Task instructions: Transcribe the records below in their entirety, and leave out each image.

Web page caption snippets:
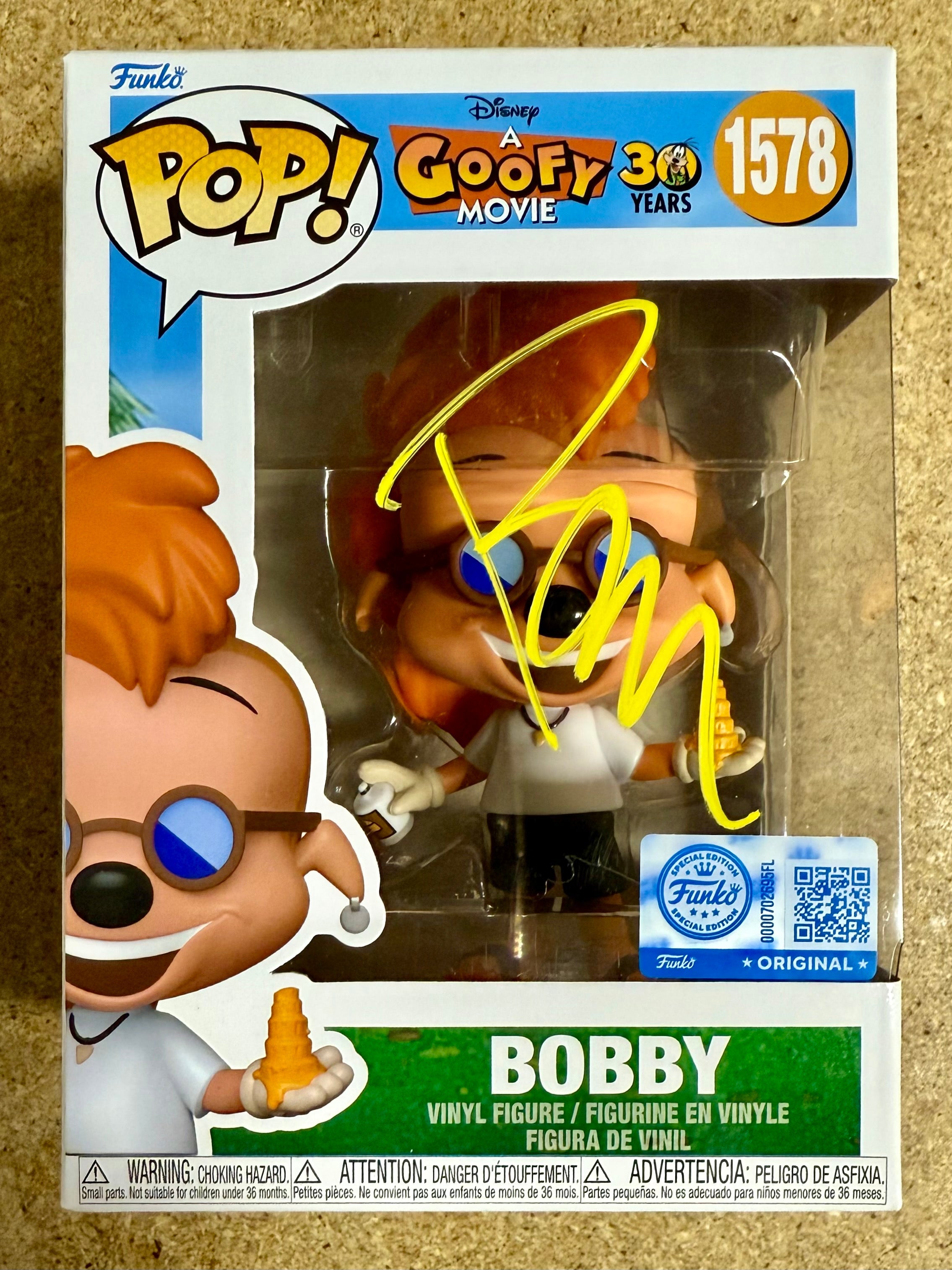 Pauly Shore firmó Funko Pop! de Bobby Zimmeruski de A Goofy Movie #1578 Exclusivo con COA de JSA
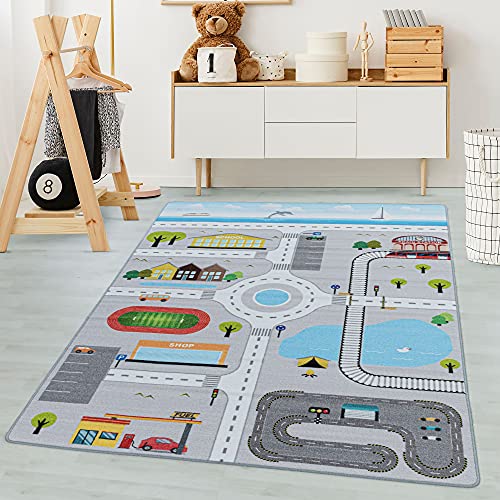 Carpetsale24 Kinderteppich Straßenteppich Lernen und Spielen Grau 100 x 150 cm - Kurzflor Teppich Kinderzimmer für Jungen und Mädchen Pflegeleicht - Waschbar Spielteppich Babyzimmer Babyteppich von Carpetsale24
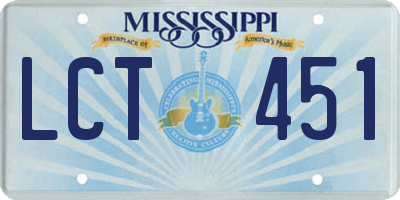 MS license plate LCT451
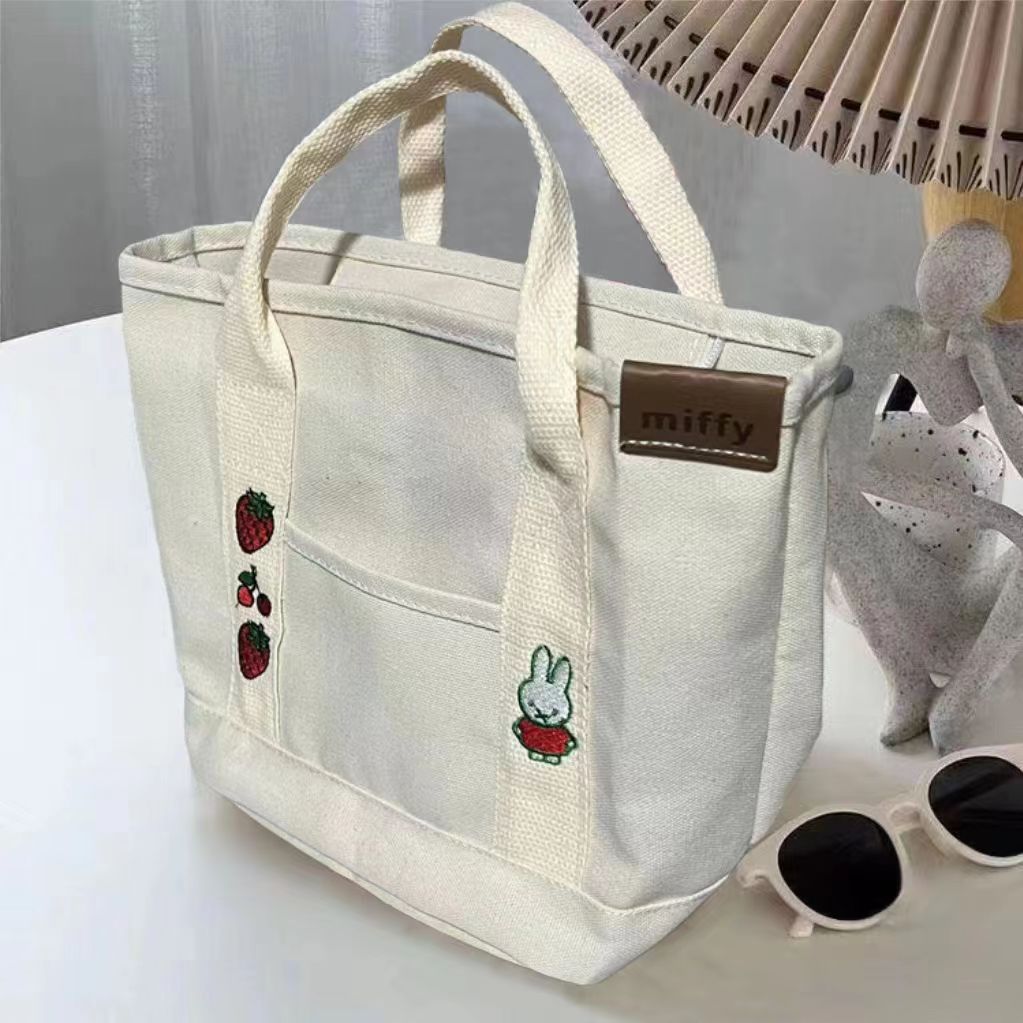 Año del Conejo bordado japonés lindos bolsos de lona, bolsos de hombro, bolsos de oficina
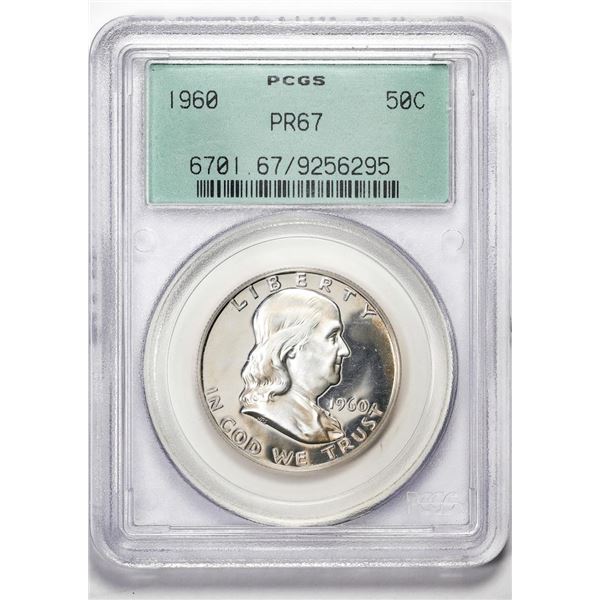 1960 Proof Franklin Half Dollar Coin PCGS PR67 Old Green Holder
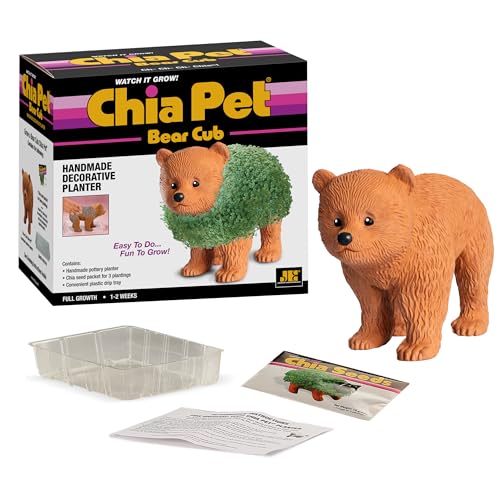 Chia Pet Bear Cub with Seed Pack, Decorative Pottery Planter, Easy to Do and Fun to Grow, Novelty Gift, Perfect for Any Occasion - style: Bear Cub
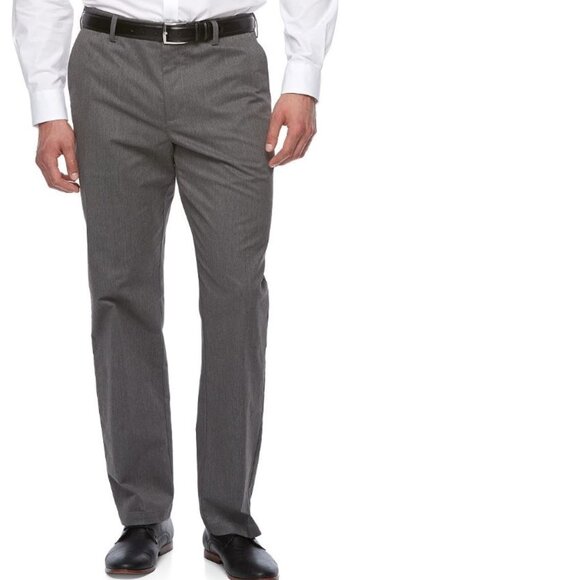Mens Dress Pants 48x36 Croft & Barrow Gray Classic Easy Care Stretch Flat Front - Picture 1 of 7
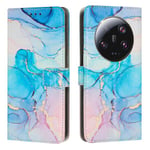 Yhteensopiva Xiaomi 13 Ultra Case Colorful Marble Design Pu-nahkaisen läppäkuoren kanssa, jossa on 3 korttipaikkaa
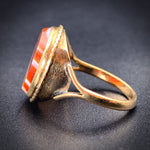 Antique 9K & Banded Agate Ring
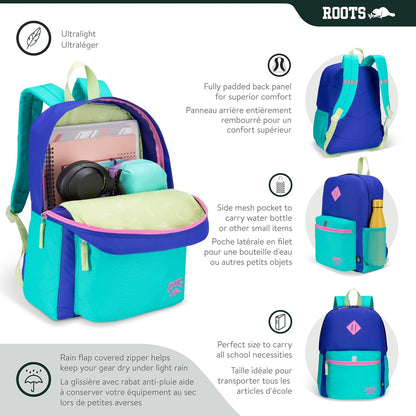 Roots Kids Lightweight Backpack — Made from 100% Recycled Fabrics with Rain Flap, Bottle Pocket, Reflective Accent, and Back Padding — 22.5 litres, Pink & Purple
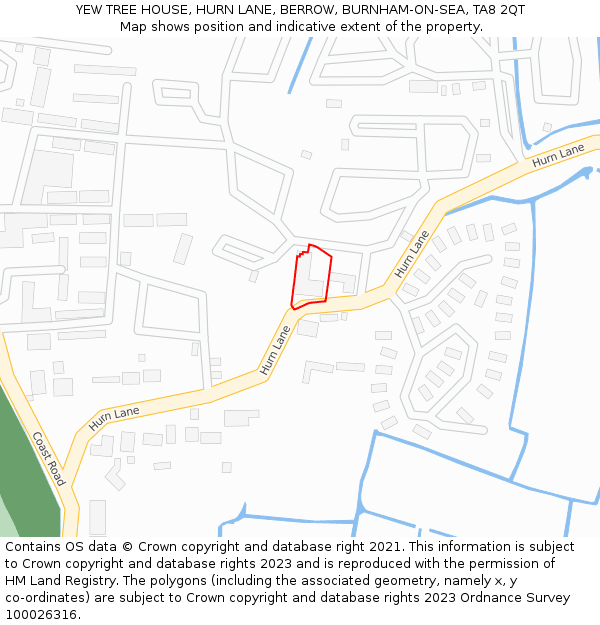 YEW TREE HOUSE, HURN LANE, BERROW, BURNHAM-ON-SEA, TA8 2QT: Location map and indicative extent of plot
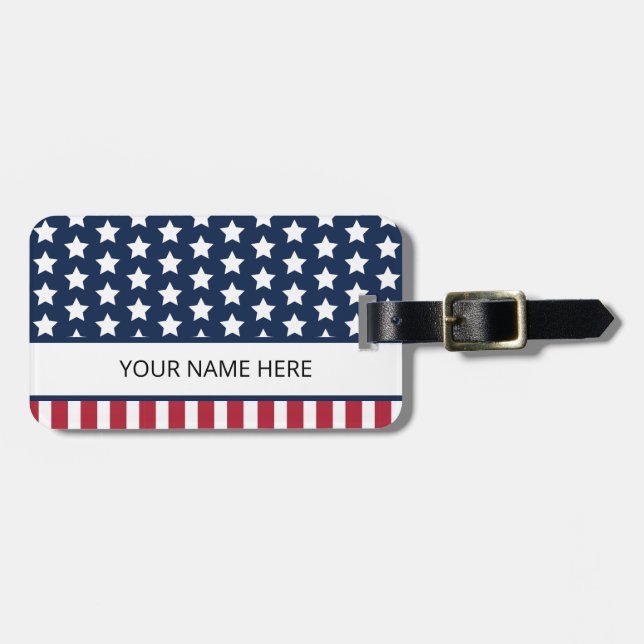 Personlig Patriotic USA American Flagga Bagagebricka (Horisontell Framsida)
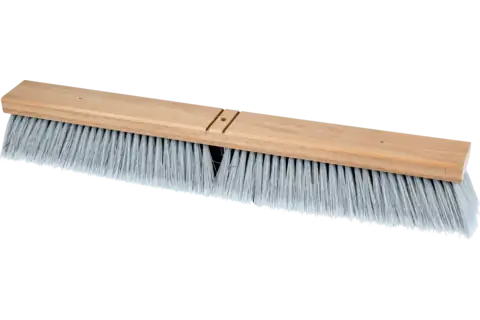 Contractor Broom Head - Medium Sweep 24" Brown Synthetic, Silver Flag 3" Trim 1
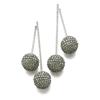 Image 1 : DELLA VALLE A PAIR OF EMERALD AND DIAMOND EARPENDANTS Each with two balls pave-set with rose-cut ...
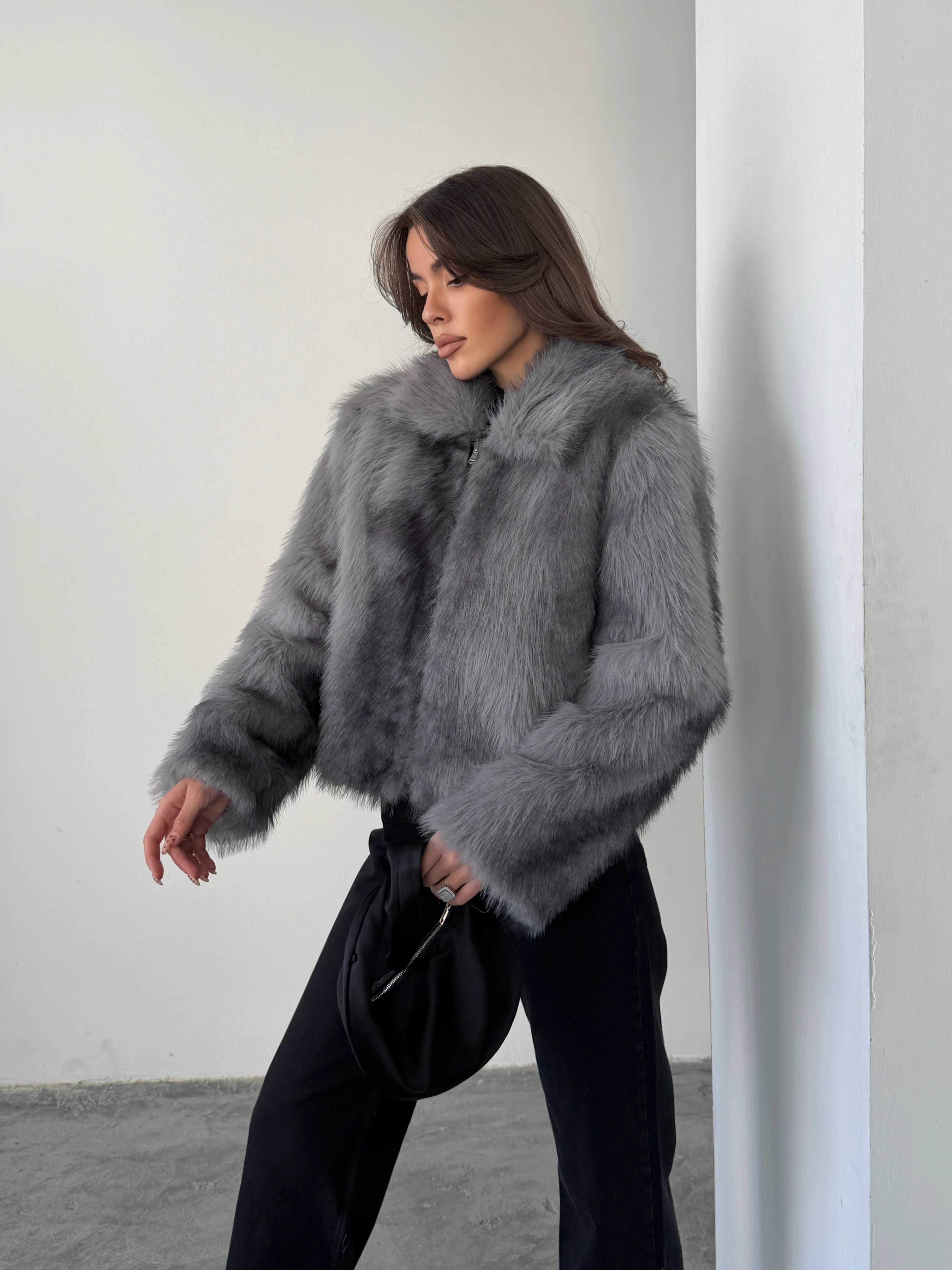 Fermuarlı Crop Kürk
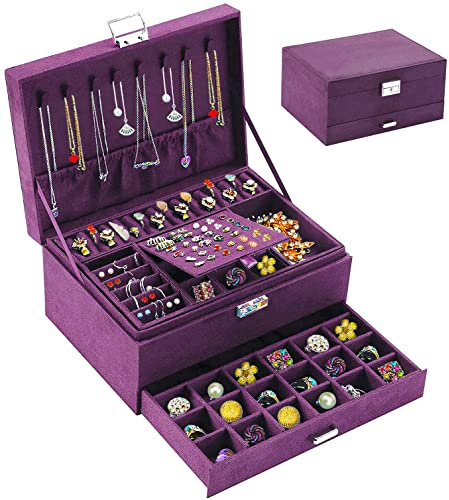 QBestry Purple Velvet Jewelry Box with Lock, Organizer for Rings, Bracelets, Necklaces, Earrings, Teen Girls & Women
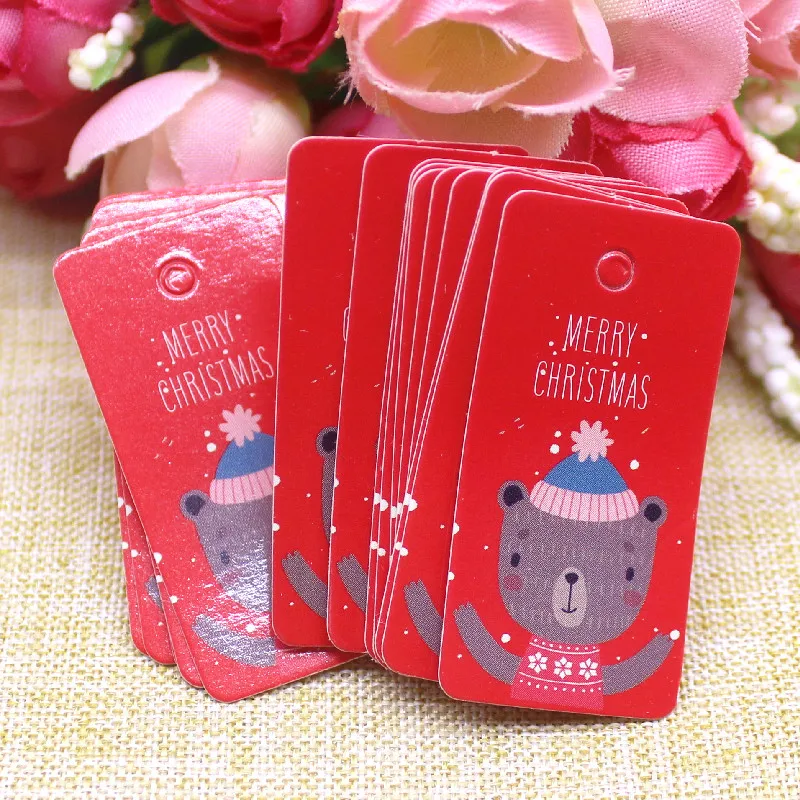 100pcs Kraft Paper Tags with Strings Handmade with Love Hang Tags Garment Tags for Candy/Gift/Cookies Display Packing Label Card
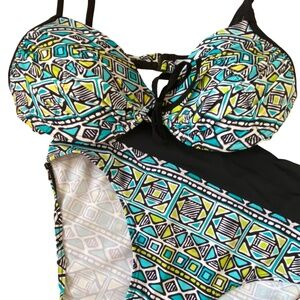 Ibiza Womens Turquoise/Green Design Padded Bra High Waist Beach Bikini, Sz-12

Your response:
 Pauly Shore firmó Funko Pop! de Bobby Zimmeruski de A Goofy Movie #1578 Exclusivo con COA de JSA
 Carpetsale24 Kinderteppich Straßenteppich Lernen und Spielen Grau 100 x 150 cm - Kurzflor Teppich Kinderzimmer für Jungen und Mädchen Pflegeleicht - Waschbar Spielteppich Babyzimmer Babyteppich von Carpetsale24
 MS license plate LCT451
 Año del Conejo bordado japonés lindos bolsos de lona, bolsos de hombro, bolsos de oficina
 1960 Proof Franklin Half Dollar Coin PCGS PR67 Old Green Holder
 Chia Pet Bear Cub with Seed Pack, Decorative Pottery Planter, Easy to Do and Fun to Grow, Novelty Gift, Perfect for Any Occasion - style: Bear Cub
Mens Dress Pants 48x36 Croft & Barrow Gray Classic Easy Care Stretch Flat Front - Picture 1 of 7
 Yhteensopiva Xiaomi 13 Ultra Case Colorful Marble Design Pu-nahkaisen läppäkuoren kanssa, jossa on 3 korttipaikkaa
 Antique 9K & Banded Agate Ring
 Roots Kids Lightweight Backpack — Made from 100% Recycled Fabrics with Rain Flap, Bottle Pocket, Reflective Accent, and Back Padding — 22.5 litres, Pink & Purple
 YEW TREE HOUSE, HURN LANE, BERROW, BURNHAM-ON-SEA, TA8 2QT: Location map and indicative extent of plot
 Personlig Patriotic USA American Flagga Bagagebricka (Horisontell Framsida)
 Contractor Broom Head - Medium Sweep 24" Brown Synthetic, Silver Flag 3" Trim 1
 Image 1 : DELLA VALLE A PAIR OF EMERALD AND DIAMOND EARPENDANTS Each with two balls pave-set with rose-cut ...
 Fermuarlı Crop Kürk
 QBestry Purple Velvet Jewelry Box with Lock, Organizer for Rings, Bracelets, Necklaces, Earrings, Teen Girls & Women
 100pcs Kraft Paper Tags with Strings Handmade with Love Hang Tags Garment Tags for Candy/Gift/Cookies Display Packing Label Card
 Ibiza Womens Turquoise/Green Design Padded Bra High Waist Beach Bikini, Sz-12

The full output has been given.